It is clear that Rule 9A of Order III CPR applies to a situation where a party who had previously engaged an advocate in a suit intends either to act in person or has engaged another advocate after the court has passed judgment. The situation in this case is different. IPC had not engaged AG as counsel. It had merely requested the AG to represent it. Although AG agreed and filed a notice of appointment and defence and counter-claim, Ojwang, J. ruled that the AG’s documents were a nullity for the reason that the AG had no locus standi to represent IPC. The effect of the decision of the superior court was that IPC had not been represented by AG ab initio. The superior court entered a default judgment and by the time the firm of Wekesa & Co. Advocates filed a notice of appointment of advocates there was, in conformity with the decision of court, no advocate on record. We agree therefore, that there was in essence no change of advocates and hence no leave of court was required.

It was further submitted, among other things, that Ransley, J. had no jurisdiction to set aside the judgment since it was not an exparte judgment; that IPC should have instead filed application for review before Ojwang, J. or appealed, and, that Ransley, J. sat on appeal against the decision of Ojwang, J. On the other hand, Mr. Wekesa, learned counsel for IPC submitted that since the judgment was entered for non-appearance and for default in filing defence it could be set aside pursuant to Rule 10 of Order IXA CPR.
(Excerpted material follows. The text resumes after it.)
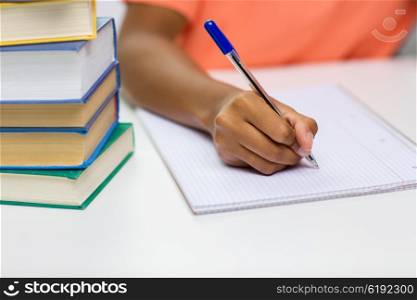 people, technology, learning and education concept - close up of african american young woman hand writing to notebook with books at home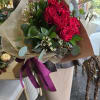 Bouquet of red roses wrapped in brown paper with a purple ribbon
It is apparent that the appellant’s application was brought under both Order VI Rule 13 (1), (a), (b), (d), and Order IXA Rule 5 and 7 CPR. The first prayer in the application sought to strike out the defendants’ defence and counter-claim under Order VI Rule 13 (1) (a) (b) (d) for being scandalous, frivolous vexatious or otherwise an abuse of the process of the court. The second prayer was an alternative prayer seeking the striking out of the defence of IPC under Order IXA Rule 5 and 7 on the ground that IPC had not entered appearance. Lastly, the third prayer sought leave to enter judgment against IPC for non-appearance and default of defence. It is clear from the ruling of Ojwang, J. that the court allowed only the second and third prayers. In other words, the defence was struck out on the ground that IPC had not entered appearance as the Appearance filed by the AG was a nullity and leave to enter judgment against IPC was granted under Order IXA Rule 7 CPR for non-appearance and default in filing defence. Needless to say, the court did not decide the application on the basis of Order VI Rule 13 (1), (a), (b), (d), of CPR.

By Order IXA Rule 10 CPR which IPC invoked, a judgment entered under that order could be set aside. Whether the judgment entered by Ojwang, J. under Order IXA can be termed exparte or interlocutory, Ojwang, J. or any other judge of co-ordinate jurisdiction had jurisdiction to set it aside. The application was taken before Ransley, J. on the direction of Ojwang, J. In the event, Ransley, J. had jurisdiction to hear and determine the application. It is not correct to say that Ransley, J. sat on appeal against the ruling of Ojwang, J. for it is patently clear that Ransley, J. did not in any manner deal with, or, fault the finding of Ojwang, J. to the effect that the appearance and defence and counter-claim filed by the AG on behalf of IPC was a nullity.

This appeal is against the exercise of judicial discretion to set aside judgment entered in default of appearance and defence and also against the consequential order giving IPC leave to enter appearance and file a defence. The principles governing the exercising of the court’s discretion to set aside a judgment obtained exparte are well known (see Shah vs. Mbogo [1967] EA 116). Similarly, the principles on which an appellate court can interfere with the exercise of judicial discretion by a judge are notorious and need no repetition (see Mbogo vs. Shah [1968] EA 93). In allowing the application to set aside Ransley, J. stated in part.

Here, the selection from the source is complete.